No. The timeout is not applied to the length of time it takes to
transmit any data, it is applied to amount of time that there is no
response between the two connected entities while trying to send or
receive data.

Nevertheless, to answer your question, my testing tells me that, for
all the servers I might connect to, if a transfer is silent for more
than 30 seconds then I have a problem to deal with. The protocol says
I have to disconnect and try again, and I know that is correct because
the protocol also says that the remote server will junk my
transmission unless it receives a certain signal from me that I have
finished sending data, and the protocol also tells me that the server
will acknowledge receipt.

> Would you
> set the timeout to some minutes? Ok, let's do some minutes (we don't
> want the program fail, if there is no real reason; a slow connection is
> not a good reason to fail, right?).

Yes it is a good reason. What if the customer you are writing the
program for makes it a requirement that if the data is not
successfully transferred and acknowledged as received within 30
seconds then the program must write a log record?

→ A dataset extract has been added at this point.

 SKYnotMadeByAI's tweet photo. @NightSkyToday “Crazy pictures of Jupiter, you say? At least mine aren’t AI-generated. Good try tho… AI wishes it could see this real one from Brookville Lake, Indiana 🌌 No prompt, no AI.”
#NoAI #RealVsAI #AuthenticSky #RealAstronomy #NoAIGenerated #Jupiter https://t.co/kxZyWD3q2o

What if the customer uses that log record to determine possible faults
on their network, or to make decisions about upgrading to a faster
link? What if the customer believes there is a problem at 4PM every
day when everyone in a certain office does their final updates and
they all send their data to a central server at the same? How is the
customer ever going to know for sure that 4PM really is a problem?

> Now improve your example
> application; instead of sending a single message to a single host, it is
> a proxy which accepts several incoming messages and deals them to
> several hosts. If at a certain point a remote host is very busy (or
> down), your proxy ceases to work because it is blocking, for several
> minutes. You don't want to do so, so you need non-blocking sockets. The
> timeout of the socket is still there, because sooner or later the socket
> will have to raise an error, but your application won't stop to work.
> This is how I mean timeout - only used for error recovering.

Yes, I agree. All you need do is raise a timeout error. The program
will decide what to do about it.

> But the
> first time I suggested a timeout, it was related to the program logic.

Oh, I see. No, all you need do is raise an error that can be trapped.
The program then decides what should be done.

> It can slightly simplify things, but at a cost - a possible incorrect
> behaviour. Using timeouts for communication can be a good idea only in
> precise situations, but gambas can not know what the situation is, it is
> a general purpose programming language.

No programming language can know what the situation is or how to deal
with it, only the program can know that, and that is why I was saying
the socket should not be making decisions it has no right to make.

> So, I think, gambas could also implement timeouts, but it would be
> responsibility of the user to use them in the correct way.

Yes. I 100% agree. However such musings are not necessary because the
gb3 socket already supports blocking, and as I found out today, it is
my responsibility to implement it. Anyway, it is always, without fail,
the responsibility of the programmer to write the program. It is not
the responsibility of the programming language to make implementation
decisions for the programmer, which is exactly what gb3 is doing by
not supporting timeout, making decisions it should not be making.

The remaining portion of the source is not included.